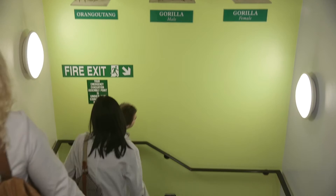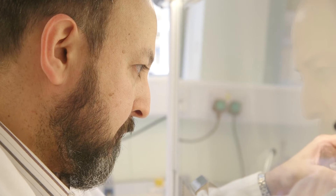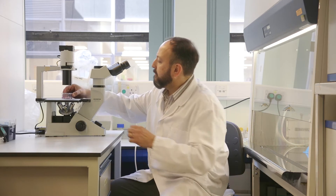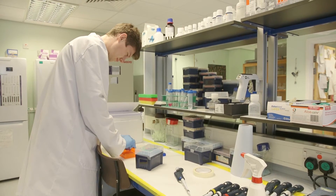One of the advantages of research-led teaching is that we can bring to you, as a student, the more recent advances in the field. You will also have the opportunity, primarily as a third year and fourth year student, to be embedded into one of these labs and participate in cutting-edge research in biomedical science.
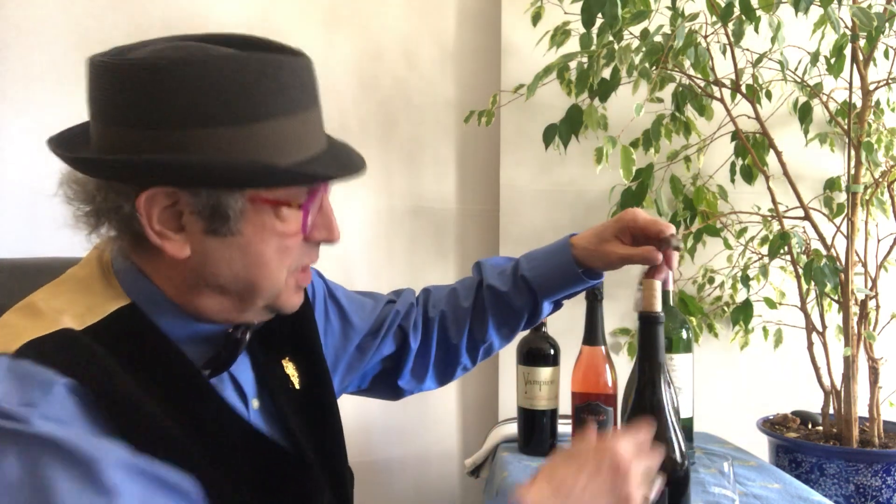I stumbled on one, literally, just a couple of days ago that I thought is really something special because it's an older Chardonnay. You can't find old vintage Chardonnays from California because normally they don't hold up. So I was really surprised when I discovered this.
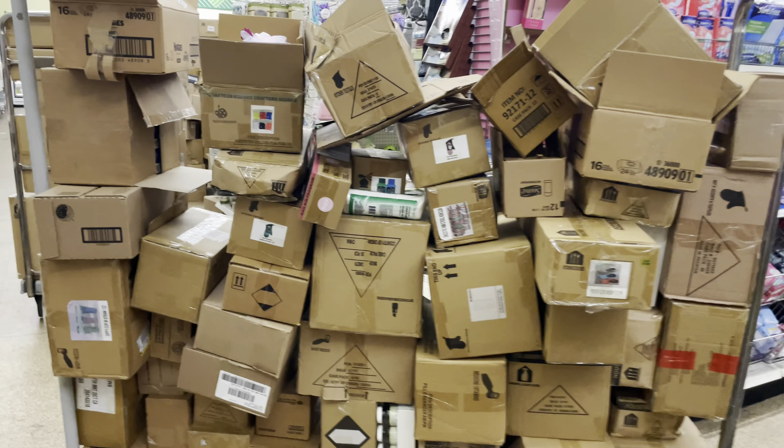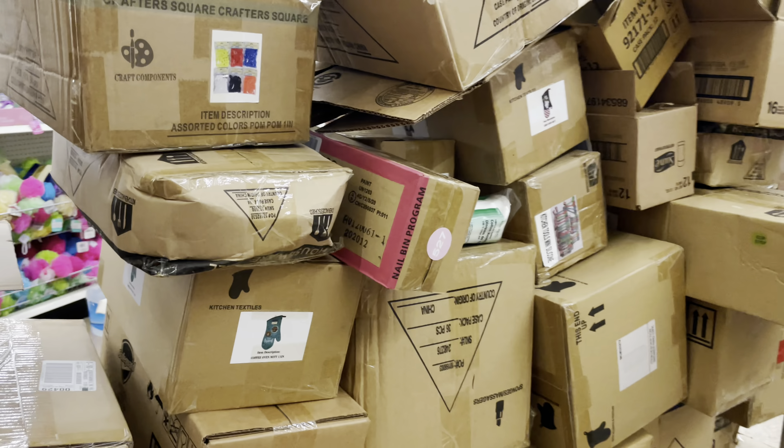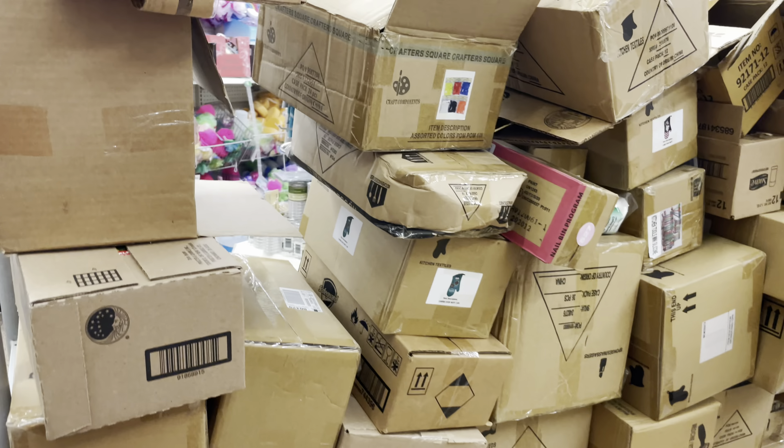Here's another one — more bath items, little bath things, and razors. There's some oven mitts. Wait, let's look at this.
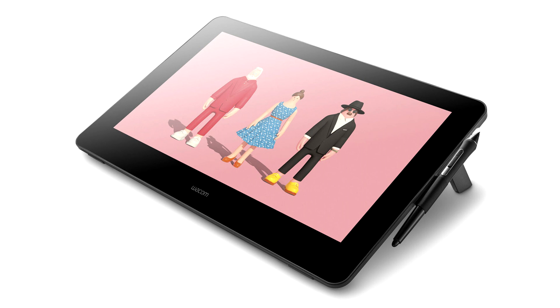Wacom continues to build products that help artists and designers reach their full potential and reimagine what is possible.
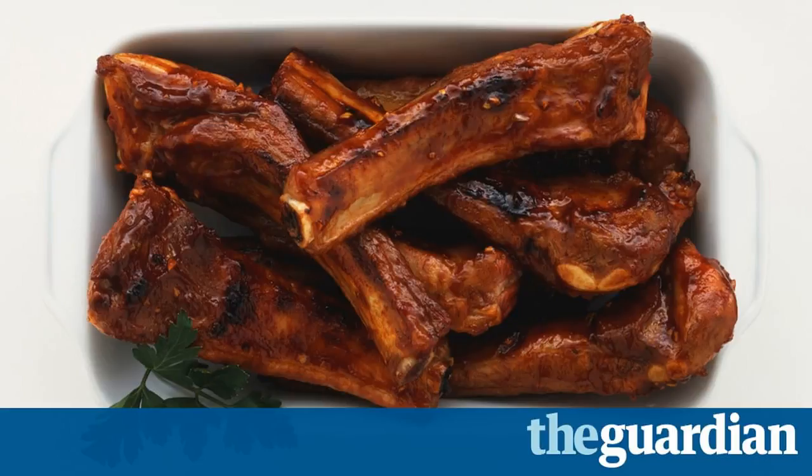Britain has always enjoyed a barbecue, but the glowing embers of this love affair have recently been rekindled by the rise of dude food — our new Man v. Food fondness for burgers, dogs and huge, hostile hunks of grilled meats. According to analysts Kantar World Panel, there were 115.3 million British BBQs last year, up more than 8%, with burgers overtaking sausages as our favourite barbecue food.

==*==

• **Activity**:
Print each record exactly as it stands, omitting the pictures.

• **Problem solution**:
One of the advantages of research-led teaching is that we can bring to you, as a student, the more recent advances in the field. You will also have the opportunity, primarily as a third year and fourth year student, to be embedded into one of these labs and participate in cutting-edge research in biomedical science.
I stumbled on one, literally, just a couple of days ago that I thought is really something special because it's an older Chardonnay. You can't find old vintage Chardonnays from California because normally they don't hold up. So I was really surprised when I discovered this.
Here's another one — more bath items, little bath things, and razors. There's some oven mitts. Wait, let's look at this.
Wacom continues to build products that help artists and designers reach their full potential and reimagine what is possible.
Britain has always enjoyed a barbecue, but the glowing embers of this love affair have recently been rekindled by the rise of dude food — our new Man v. Food fondness for burgers, dogs and huge, hostile hunks of grilled meats. According to analysts Kantar World Panel, there were 115.3 million British BBQs last year, up more than 8%, with burgers overtaking sausages as our favourite barbecue food.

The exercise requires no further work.